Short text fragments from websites
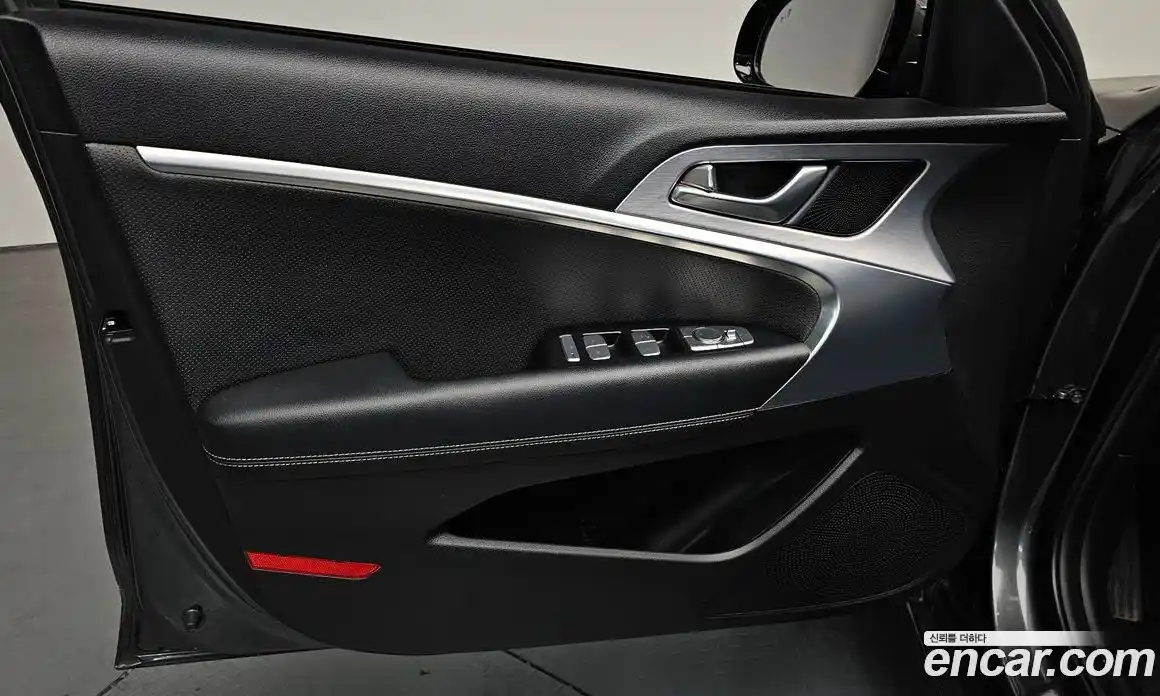 Genesis G70 2019 2.0 гидро в Москве № 1832305, фото 13
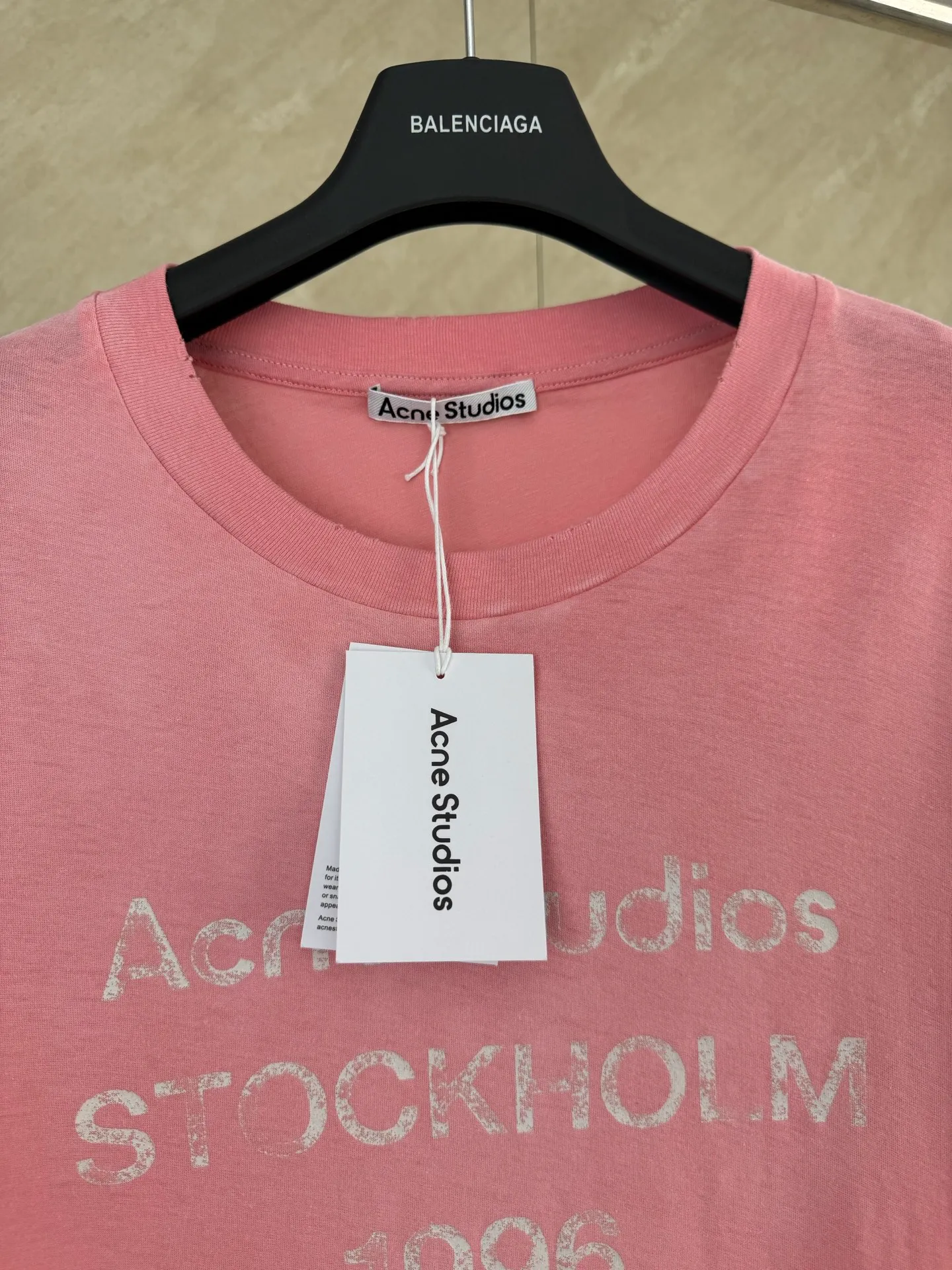 Acne Studio distressed pink fuzzy letter print short-sleeved T-shirt Size: S/M/L/XL Made of 145g/㎡ 85 cotton 15 linen blended jersey jersey. The fabric has been treated with enzyme stone washing and pre-shrinking shaping processes. It combines the softness of cotton and the natural Breathable texture of linen. The fabric surface presents a natural and subtle bamboo texture. The style is a slightly loose straight short long-sleeved cut. The neckline is made of a ribbed crew neck made of this material. The edges of the collar are frayed by hand with distressed raw edges. The inner collar is made of ring-stitched collar technology to resist stretching and sagging for a long time. The front of the body is printed with Retro crack glue printing technology and the ink is treated with aging cracks to restore the worn texture of the vintage. The shoulder seams and side seams are reinforced with four-thread overlock seams, and the cuffs and hem are closed with narrow hems and double-needle flat turning seams. The cotton and linen blended base has a matte washed matte color, with a distressed collar and Retro cracked printing. It combines natural linen and cotton blended fabrics, enzyme washing technology and a relaxed short long-sleeved silhouette, taking into account the suitability for both single wear and inner wear, and fully presents the fine washing and printing process details of Nordic Retro ready-to-wear.
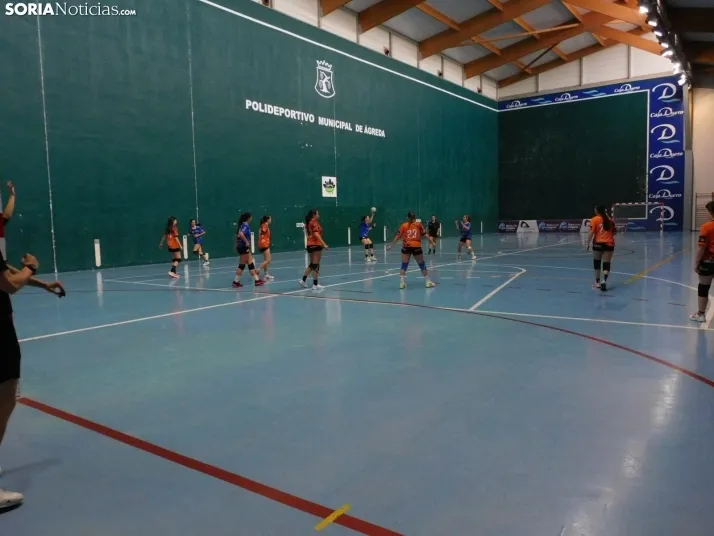 En im&aacute;genes: Las promesas del balonmano nacional se dan cita en &Aacute;greda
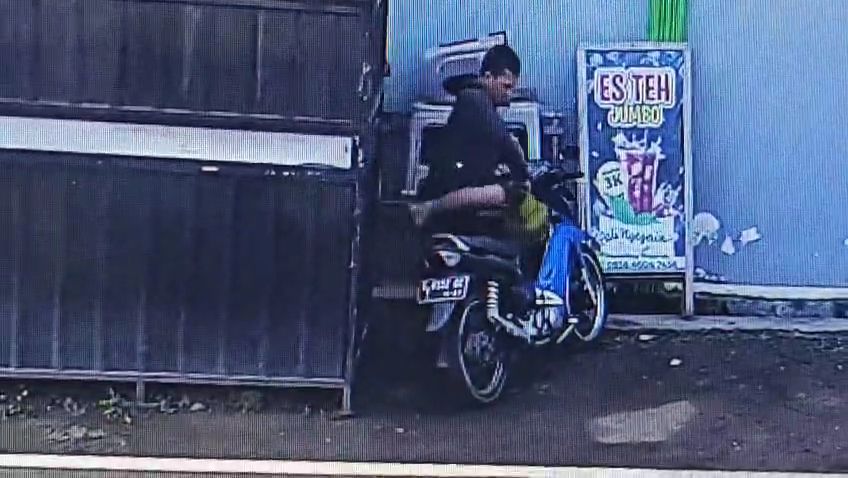Viral! Pencuri Gas Elpiji 3 Kg Terekam CCTV di Depan Masjid Jombang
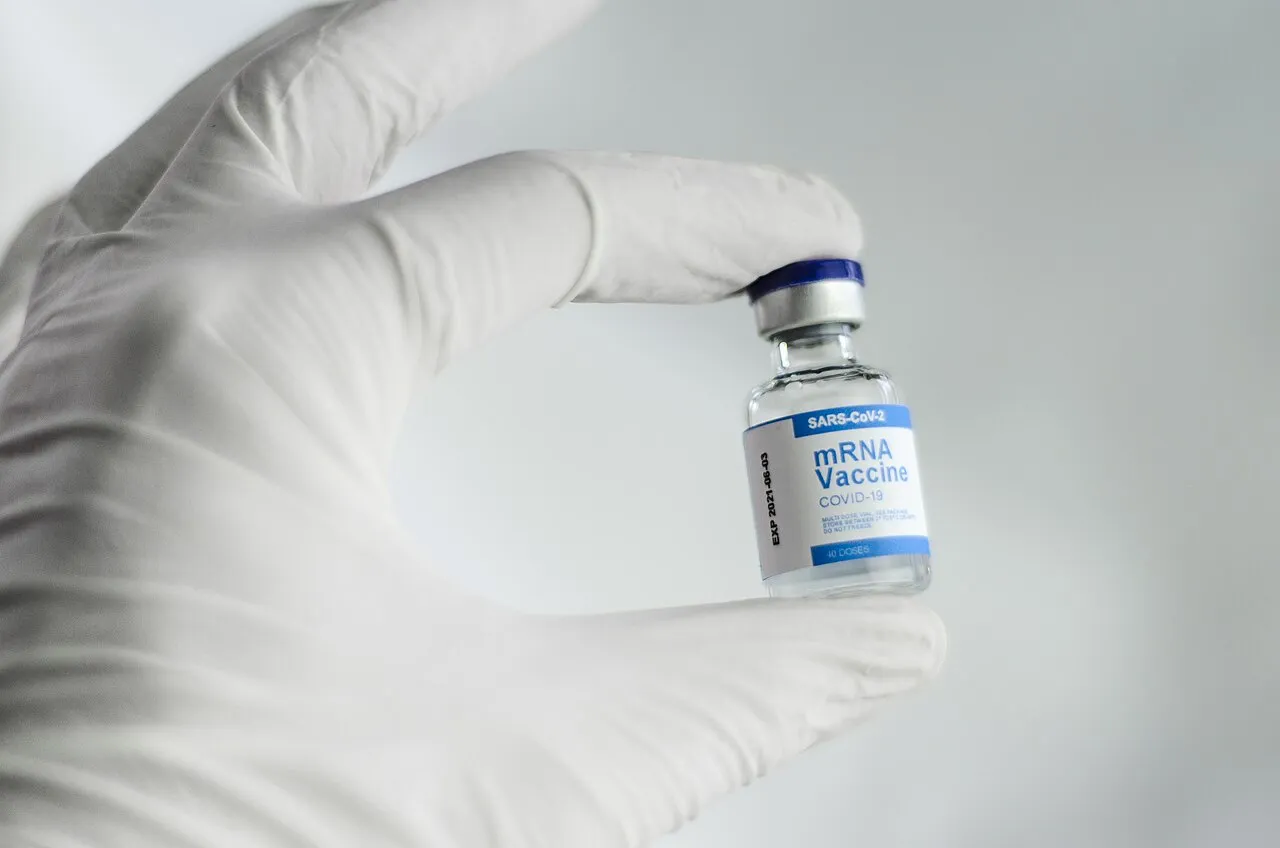 Φιαλίδια εμβολίου mRNA και σύριγγα σε εργαστήριο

Directions for this task: Return the records above exactly as written, but without any of the pictures.

Expected answer:
 Genesis G70 2019 2.0 гидро в Москве № 1832305, фото 13
 Acne Studio distressed pink fuzzy letter print short-sleeved T-shirt Size: S/M/L/XL Made of 145g/㎡ 85 cotton 15 linen blended jersey jersey. The fabric has been treated with enzyme stone washing and pre-shrinking shaping processes. It combines the softness of cotton and the natural Breathable texture of linen. The fabric surface presents a natural and subtle bamboo texture. The style is a slightly loose straight short long-sleeved cut. The neckline is made of a ribbed crew neck made of this material. The edges of the collar are frayed by hand with distressed raw edges. The inner collar is made of ring-stitched collar technology to resist stretching and sagging for a long time. The front of the body is printed with Retro crack glue printing technology and the ink is treated with aging cracks to restore the worn texture of the vintage. The shoulder seams and side seams are reinforced with four-thread overlock seams, and the cuffs and hem are closed with narrow hems and double-needle flat turning seams. The cotton and linen blended base has a matte washed matte color, with a distressed collar and Retro cracked printing. It combines natural linen and cotton blended fabrics, enzyme washing technology and a relaxed short long-sleeved silhouette, taking into account the suitability for both single wear and inner wear, and fully presents the fine washing and printing process details of Nordic Retro ready-to-wear.
 En im&aacute;genes: Las promesas del balonmano nacional se dan cita en &Aacute;greda
Viral! Pencuri Gas Elpiji 3 Kg Terekam CCTV di Depan Masjid Jombang
 Φιαλίδια εμβολίου mRNA και σύριγγα σε εργαστήριο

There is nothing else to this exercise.